The two areas where Mr. Obama broke most cleanly with Bush-era practices were torture and the indefinite military detention of Americans and other terrorism suspects arrested on domestic soil. Mr. Obama issued an executive order requiring interrogators to use only techniques approved in the Army Field Manual, and he later signed a bill codifying that rule into statute. He also resisted repeated calls by Republicans to put newly captured terrorism suspects arrested in the United States into Guantánamo-style military detention.

But the Obama administration also ruled out criminal investigations into Bush-era officials for involvement in torture practices that the Justice Department had blessed as legal under a sweeping theory that the commander in chief could not be bound by anti-torture laws.

And the Obama administration fought lawsuits brought by Jose Padilla, an American terrorism suspect who had been imprisoned and interrogated as an “enemy combatant.” The administration successfully argued that courts should dismiss the litigation without ruling on whether his treatment had been lawful, preventing any clear repudiation of the Bush-era legal theory.

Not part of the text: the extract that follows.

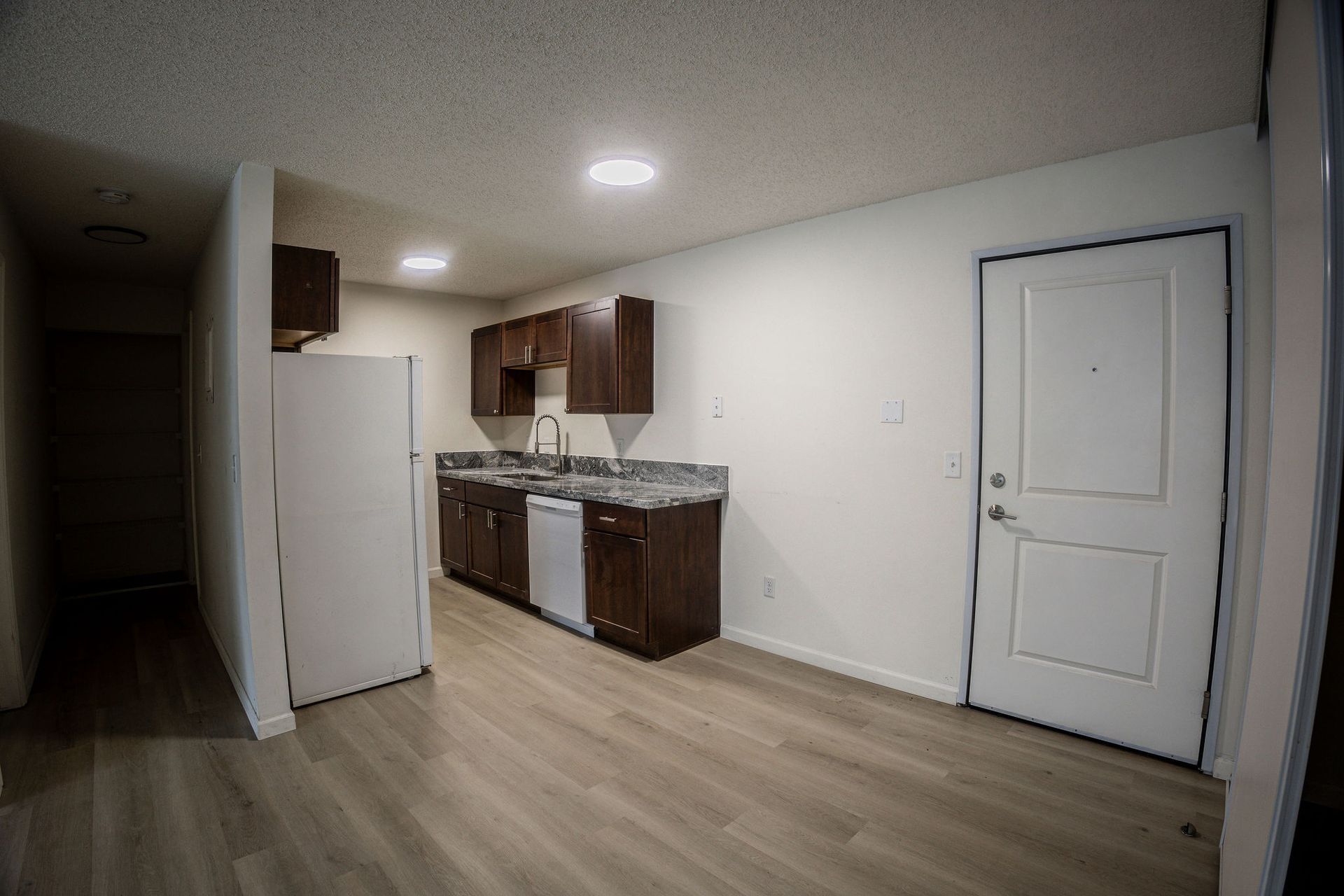 Empty apartment kitchen with white fridge, dark cabinets, and a closed white door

A spokesman for Mr. Obama’s National Security Council declined to comment. But Gregory B. Craig, who was Mr. Obama’s first White House counsel and participated in early policy deliberations about what to do about Guantánamo-style policies, said that in 2009, the president “was not thinking about 10 years out, but about 10 days out.” And he especially did not want to send signals to Republicans that he was a zealot or out for revenge, Mr. Craig said.

Mr. Obama, Mr. Craig said, “was thinking about working with Republicans and developing postpartisan relations on Guantánamo-related national security issues, not about what was going to happen a decade later.”

Anthony D. Romero, the executive director of the American Civil Liberties Union, which has sharply criticized the Obama administration’s approach, said it was now clear that Mr. Obama had “missed an opportunity” to fundamentally reject the sort of policies that the Bush administration put in place after the Sept. 11, 2001, attacks.

“Obama’s failure to rein in George Bush’s national security policies hands Donald Trump a fully loaded weapon,” Mr. Romero said. “The president’s failure to understand that these powers could not be entrusted in the hands of any president, not even his, have now put us in a position where they are in the hands of Donald Trump.”